Sorry if this question is really basic, but it's honest and I find it fascinating.
Using church numerals[1],
right_incr(n) =
g => y => n(g)(g(y))
and using the following shorter fixed-point combinator[2], X(f) =
( a => a(a) )( x => f(x(x)) )
I get this junk: X(right_incr)
= ( a => a(a) )( x => g => y => x(x)(g)(g(y)) )
= ( x => g => y => x(x)(g)(g(y)) ) ( x => g => y => x(x)(g)(g(y)) )
X(right_incr)(g)(y)
= let f = ( x => g => y => x(x)(g)(g(y)) )
in f(f)(g)(y)
= let .. in f(f)(g)(g(y))
= let .. in f(f)(g)(g(g(y)))
= ...
Which, as you can see, only gets more complex when I try to transform it.[1] https://en.m.wikipedia.org/wiki/Church_encoding [2] https://en.m.wikipedia.org/wiki/Fixed-point_combinator#Other...

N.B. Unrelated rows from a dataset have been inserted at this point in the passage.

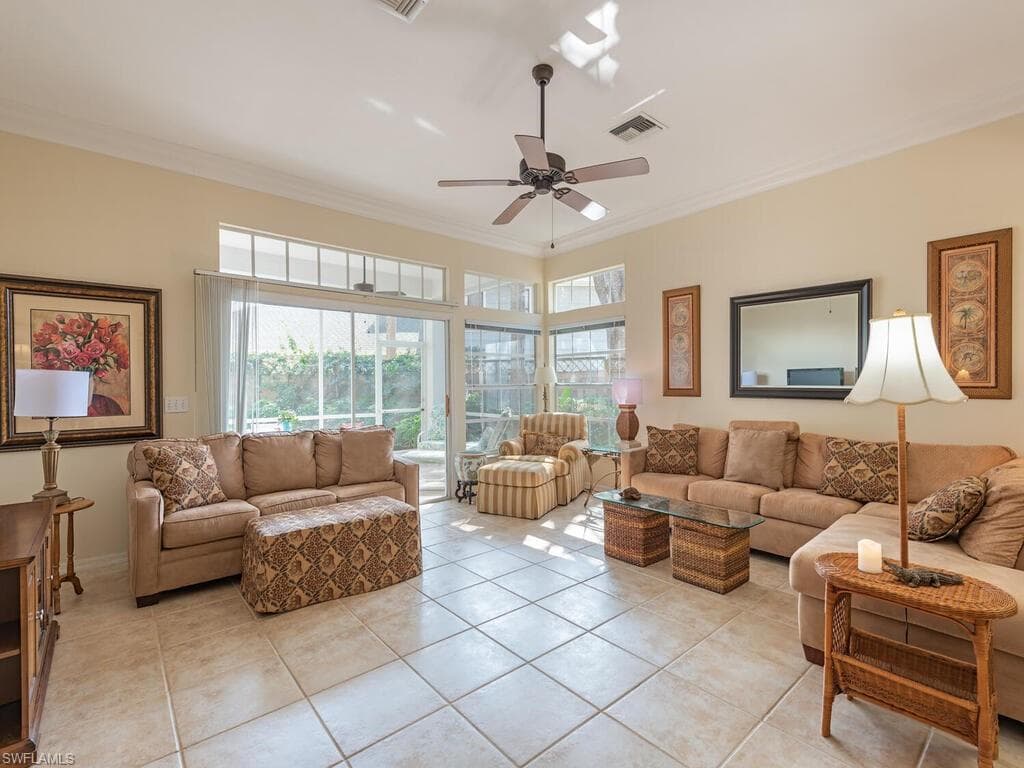 130 Amblewood Ln #8-801, Naples, photo 3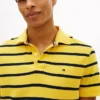 Polo com corte regular e riscas Polo com corte regular e riscas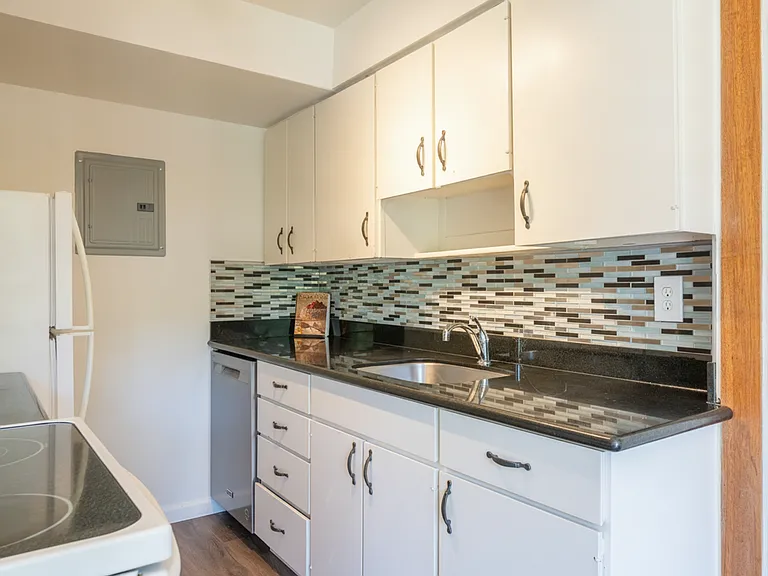 Hamlin Place — Photo 12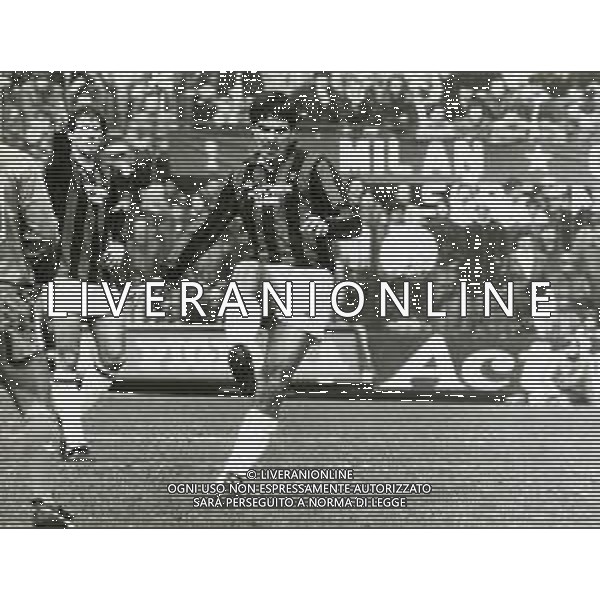 RETROSPETTIVA AGOSTINO DI BARTOLOMEI CALCIATORE NELLA FOTO AGOSTINO DI BARTOLOMEI CON LA MAGLIA DEL MILAN AG ALDO LIVERANI SAS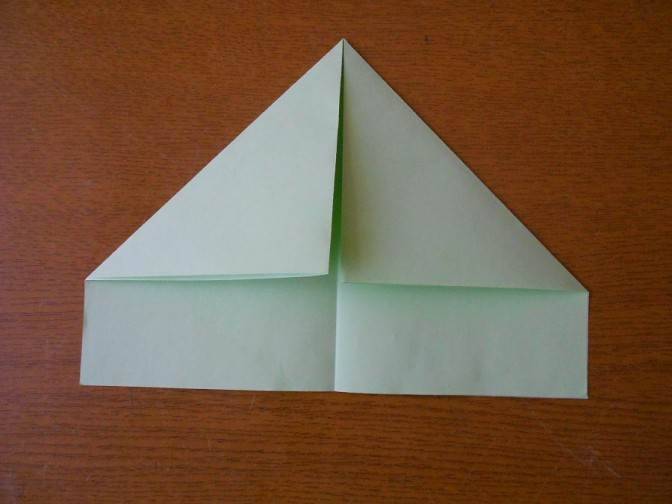 Прыгающая лягушка из бумаги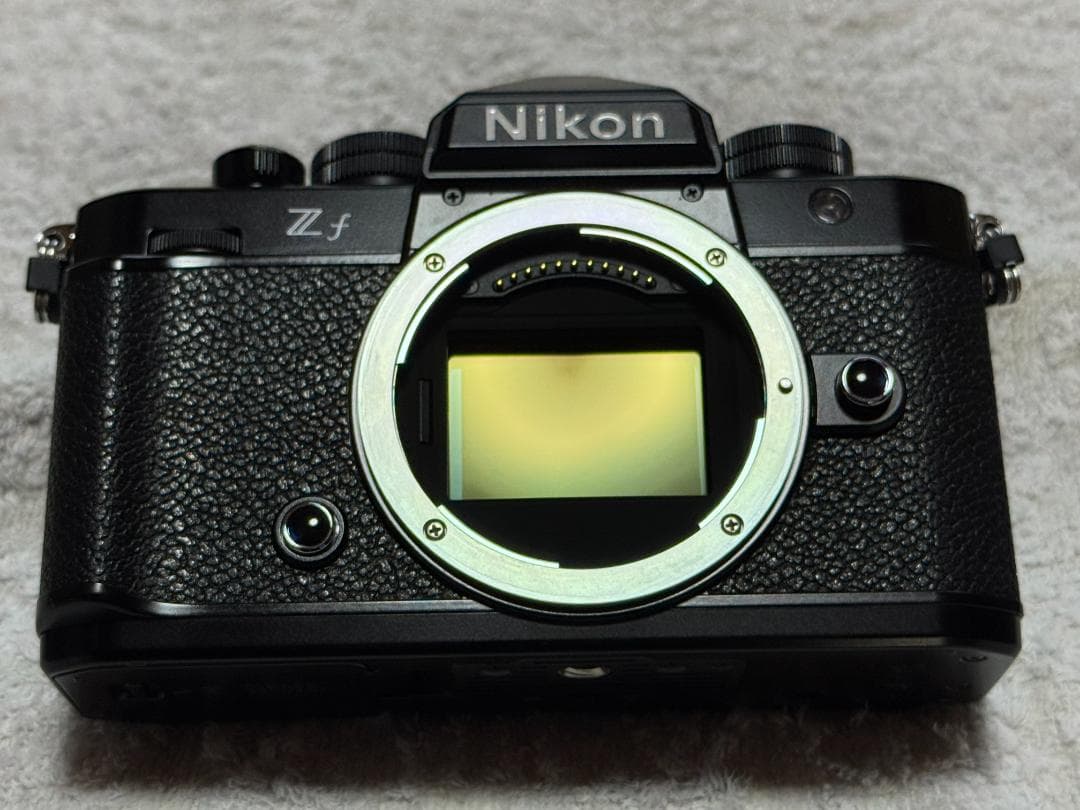 美品　Nikon Zf NIKKOR 40mm f/2 レンズキット　ブラック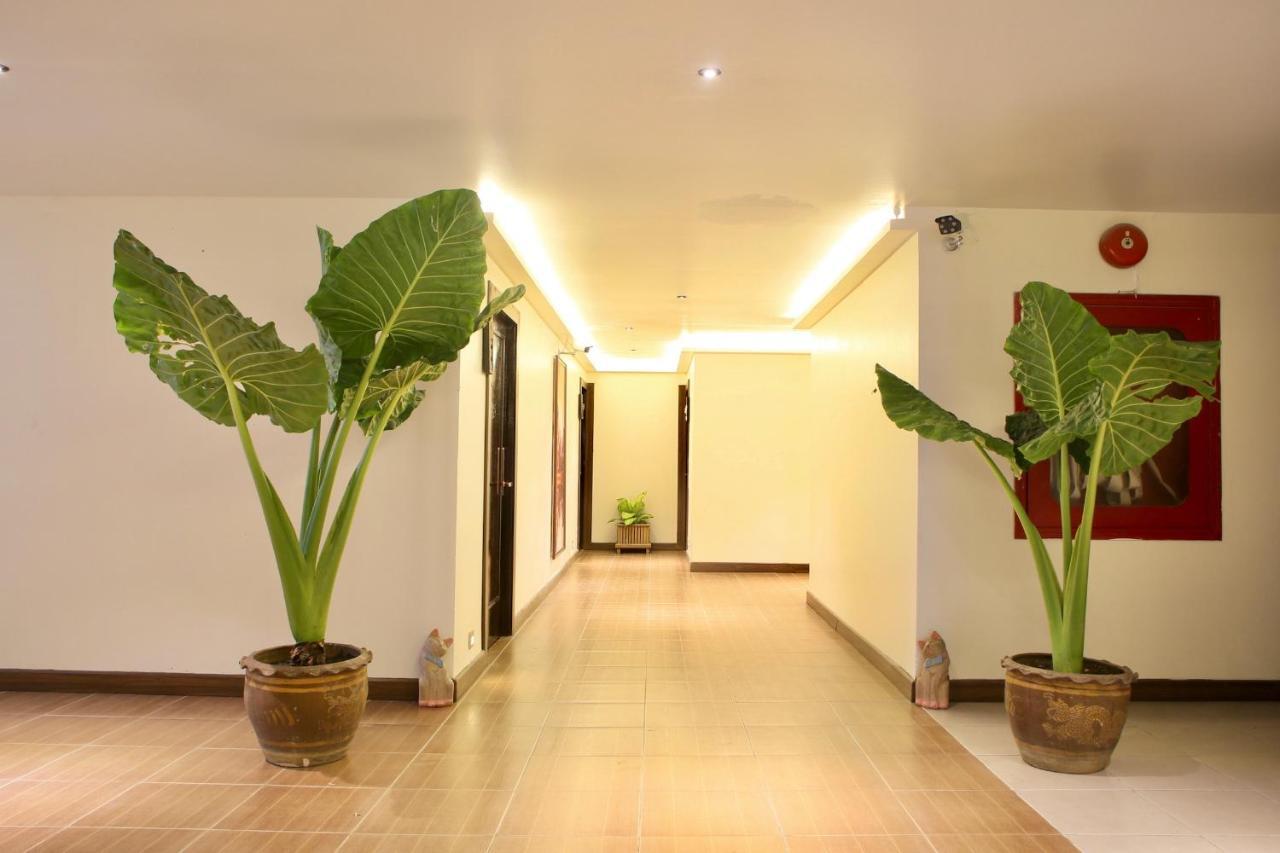 Thapaeplacehotel Chiang Mai Exteriör bild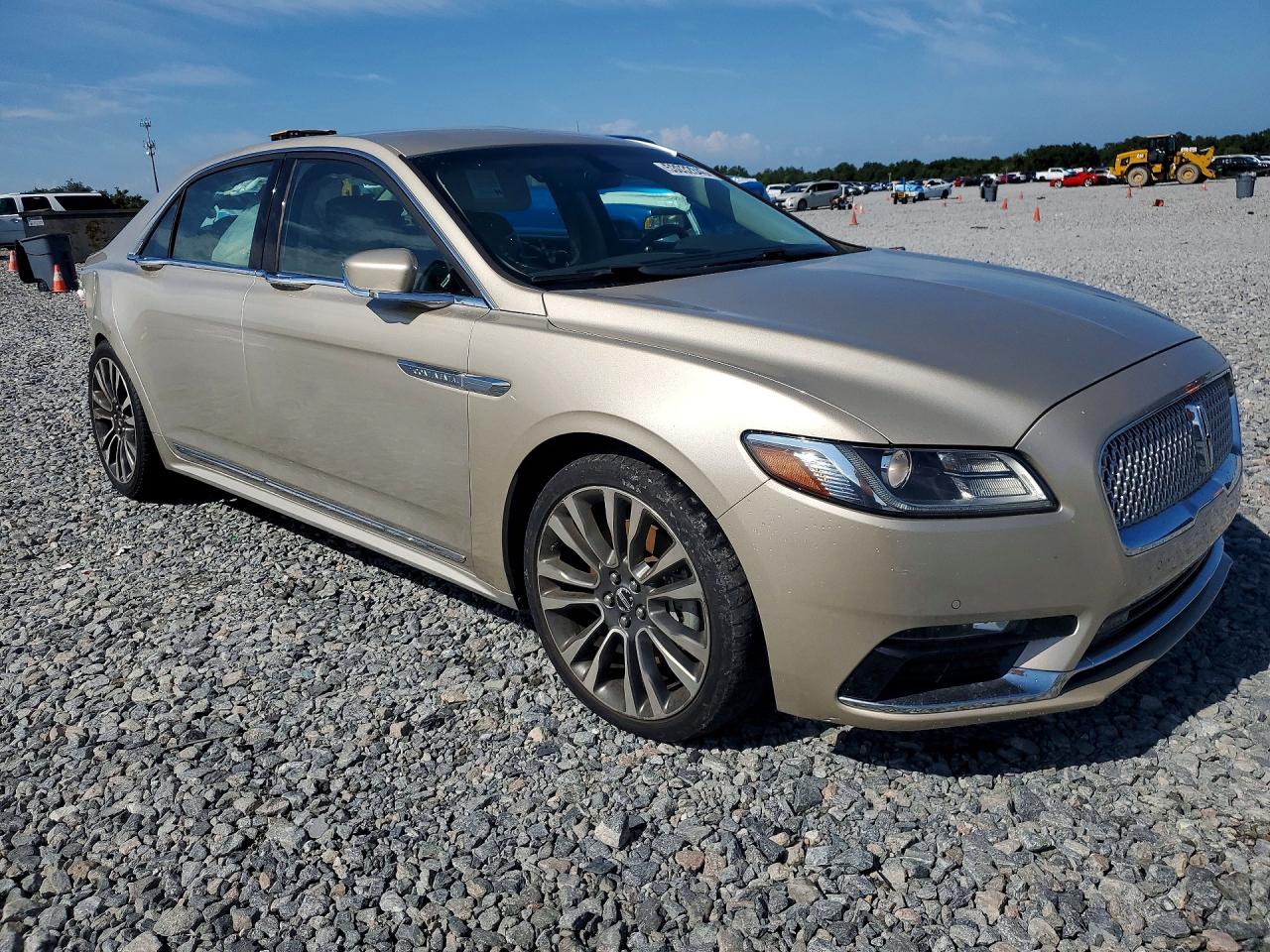 2017 LINCOLN CONTINENTAL SELECT photo 4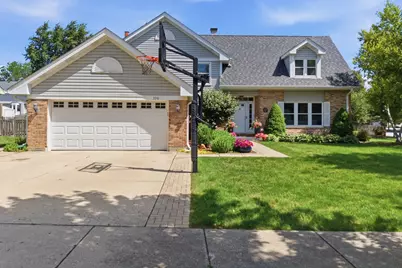 330 Sutcliffe Circle, Vernon Hills, IL 60061 - Photo 1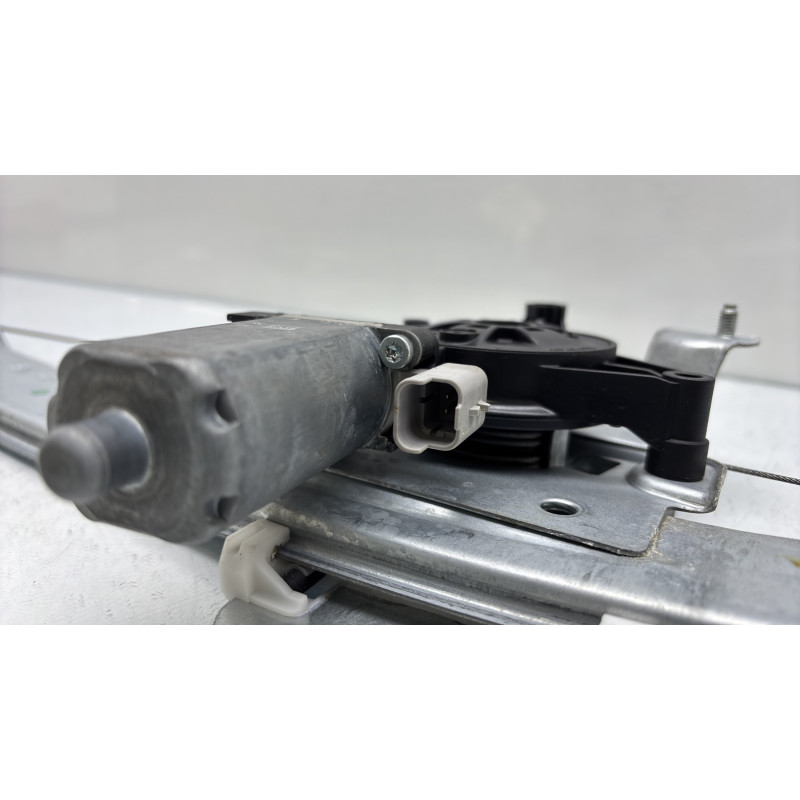 Leve vitre electrique avant gauche CITROEN C3 3 SOCIETE Photo n°4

I think in untyped lambda calculus you work with expressions, so you take your f function (somehow represented as an expression in untyped lambda calculus), you put that in a fixed point combinator, and the resulting expression is a fixed point of your f function.
It most certainly won't be a representation of a number->number function, but a general element of untyped lambda calculus nevertheless.
It is somehow similar how you take square root of a negative number on the Complex plane. You represent your negative number as a complex number (r \mapsto r + 0i), then you can take a square root of it, but that won't correspond to a representation of a real number.
In a generic context a fixed point combinator will only return a fixed point of a function if one exists.
2. No. (see: 1. above)
Your confusion stems from the usual domain of application to function spaces where every function has a fixed point (ie. not all function spaces, just those that are made up of functions with at least one fixed point).